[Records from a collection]
——————

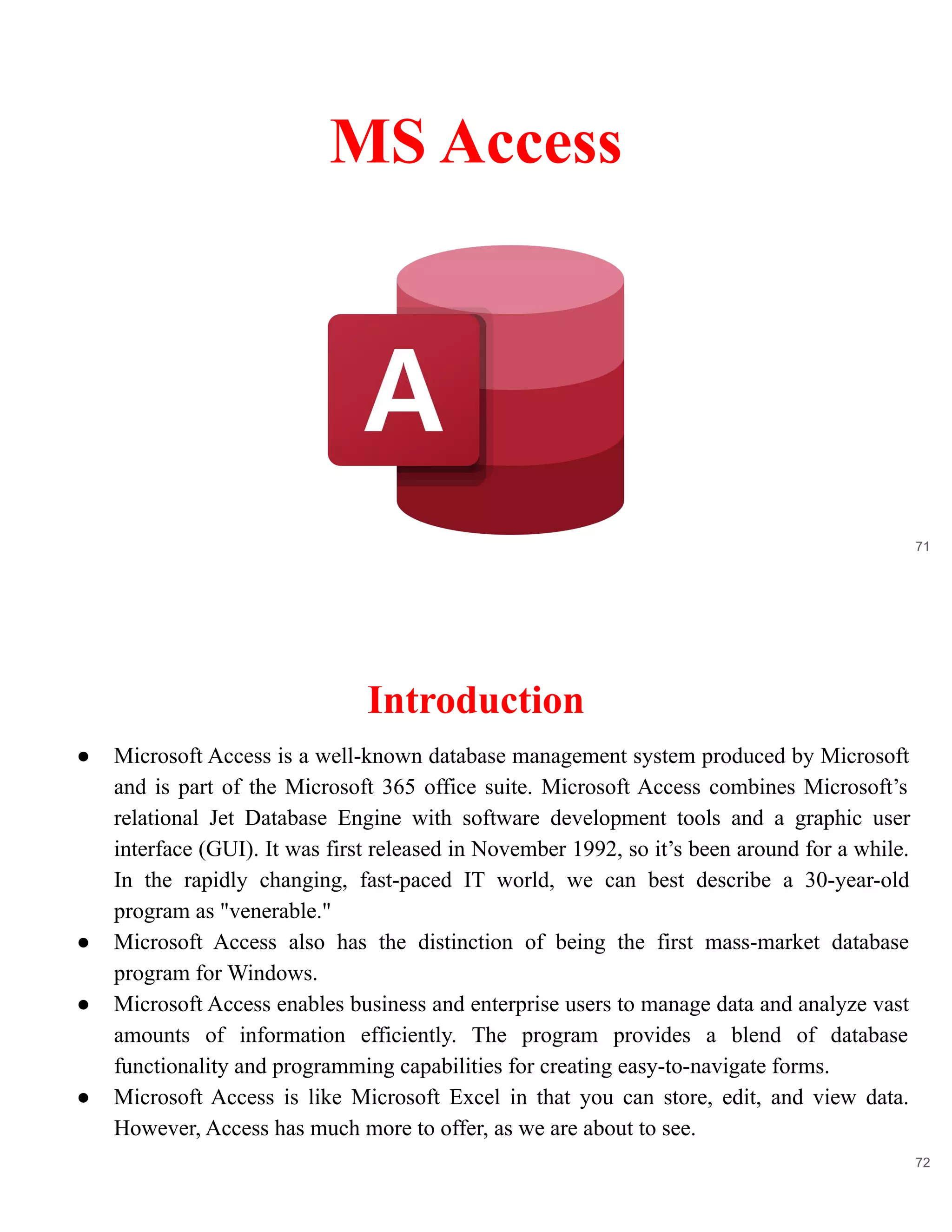 71
MS Access
Introduction
72
● Microsoft Access is a well-known database management system produced by Microsoft
and is part of the Microsoft 365 office suite. Microsoft Access combines Microsoft’s
relational Jet Database Engine with software development tools and a graphic user
interface (GUI). It was first released in November 1992, so it’s been around for a while.
In the rapidly changing, fast-paced IT world, we can best describe a 30-year-old
program as "venerable."
● Microsoft Access also has the distinction of being the first mass-market database
program for Windows.
● Microsoft Access enables business and enterprise users to manage data and analyze vast
amounts of information efficiently. The program provides a blend of database
functionality and programming capabilities for creating easy-to-navigate forms.
● Microsoft Access is like Microsoft Excel in that you can store, edit, and view data.
However, Access has much more to offer, as we are about to see.
 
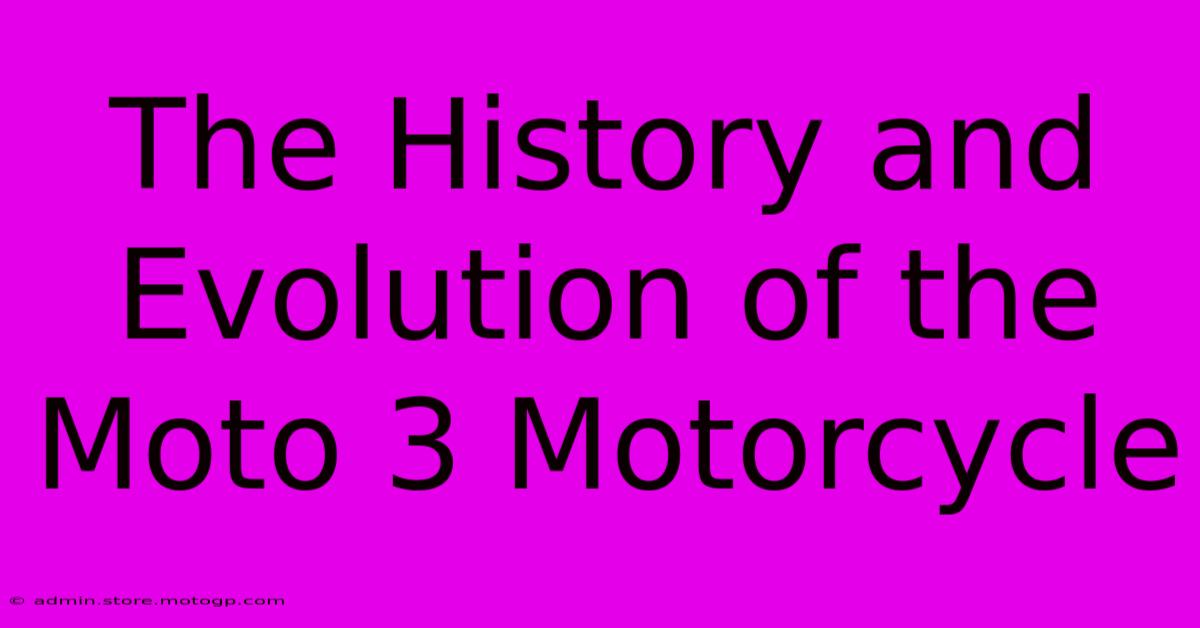 The History And Evolution Of The Moto 3 Motorcycle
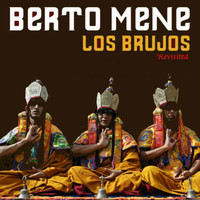 Berto Mene - Los Brujos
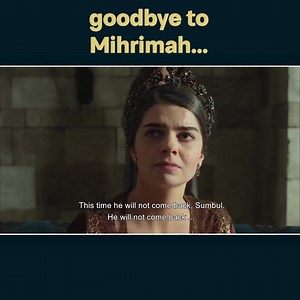 449K views · 6K reactions | Mihrimah Sultan's Farewell to the Palace #MagnificentCentury #SultanSuleiman #HurremSultan | Magnificent Century Videos | Facebook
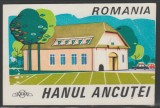 Romania anii 60-70 - Vigneta cartonata HANUL ANCUTEI (judetul Neamt), eticheta hoteliera CentroCOOP, promovare turistica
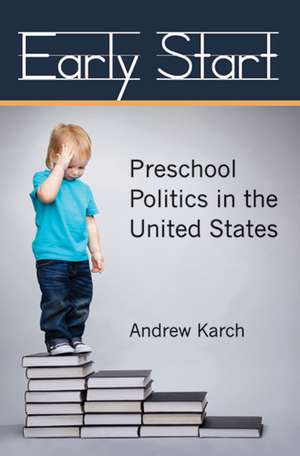 Early Start: Preschool Politics in the United States de Andrew Karch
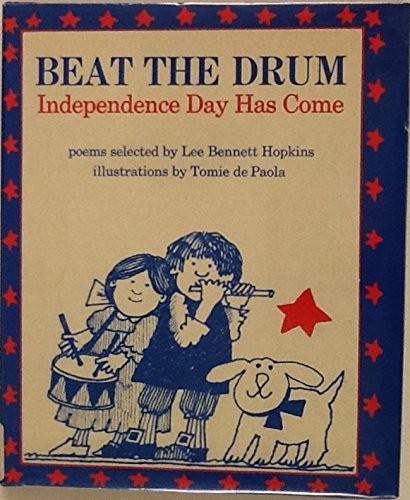 Beat the drum, Independence Day has come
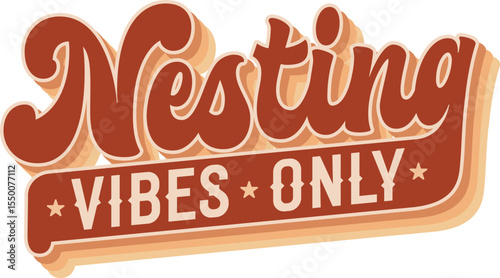 Nesting Vibes Only. Groovy script lettering showcases a fun theme. Decor elements reflect nature and relaxation. Warm tones of brown and cream create a comforting color palette.
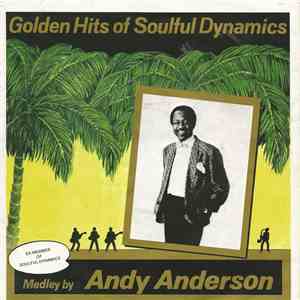 Andy Anderson - Golden Hits Of Soulful Dynamics download mp3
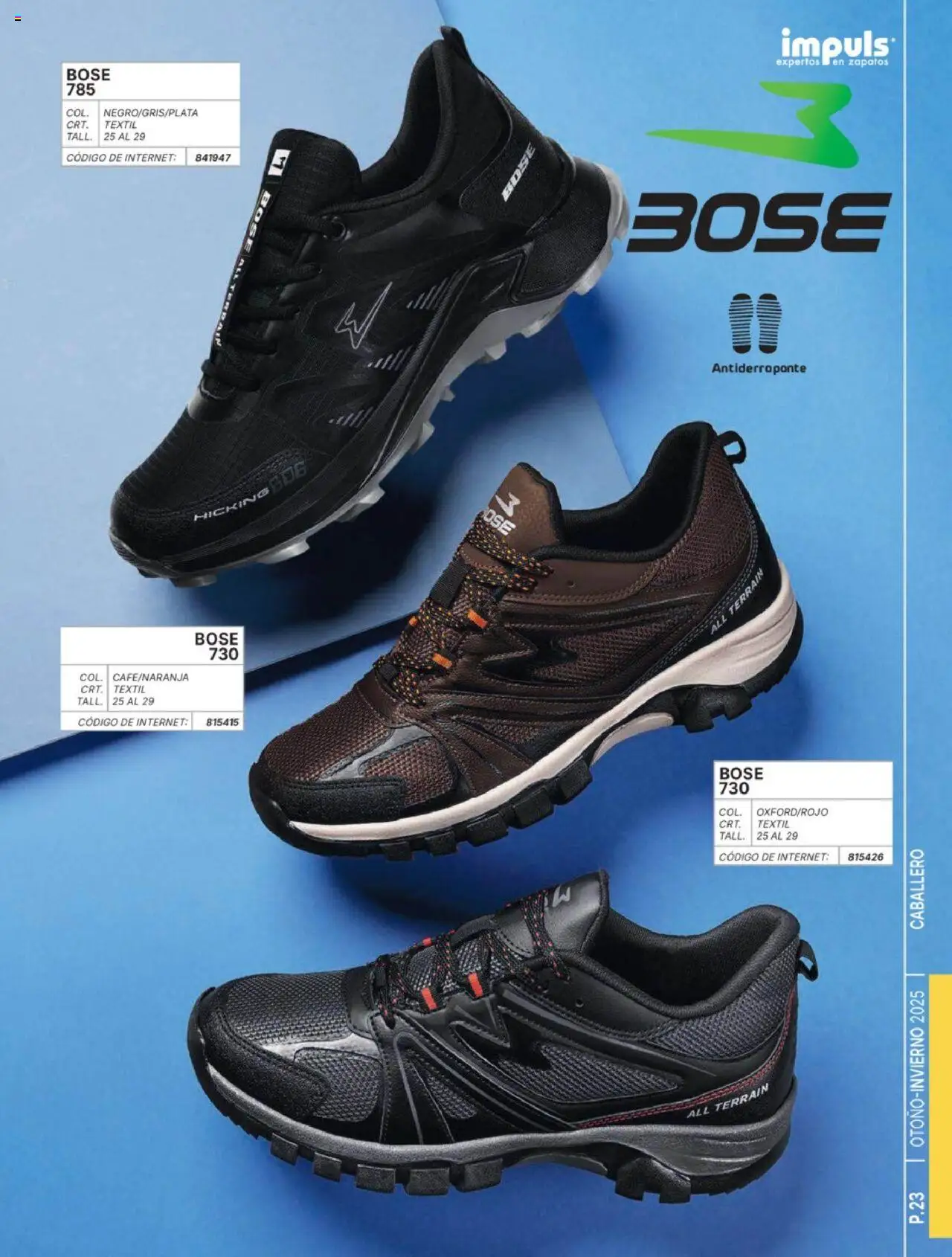 Nuevas ofertas de Impuls válidas en toda la República Mexicana desde el 07.07.2025. ¡Encuentra las mejores ofertas en Impuls catálogo Caballero Otoño-Invierno 2025! | Página: 25 | Productos: Zapatos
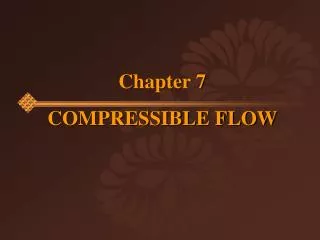 Chapter 7 COMPRESSIBLE FLOW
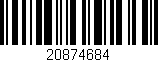 Código de barras (EAN, GTIN, SKU, ISBN): '20874684'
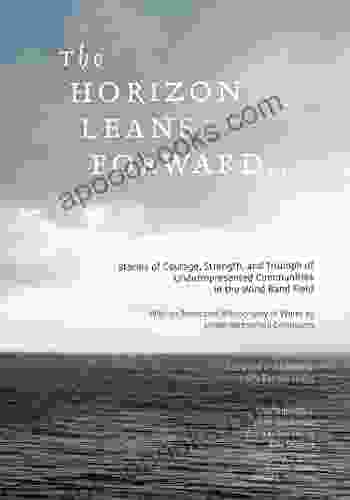 The Horizon Leans Forward : Stories Of Courage Strength And Triumph Of Underrepresented Communities In The Wind Band Field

——————

**PROBLEM DESCRIPTION:**
If a line of the entries holds the word "Access", copy it out.

**SOLUTION TO THIS TASK:**
MS Access
● Microsoft Access is a well-known database management system produced by Microsoft
and is part of the Microsoft 365 office suite. Microsoft Access combines Microsoft’s
● Microsoft Access also has the distinction of being the first mass-market database
● Microsoft Access enables business and enterprise users to manage data and analyze vast
● Microsoft Access is like Microsoft Excel in that you can store, edit, and view data.
However, Access has much more to offer, as we are about to see.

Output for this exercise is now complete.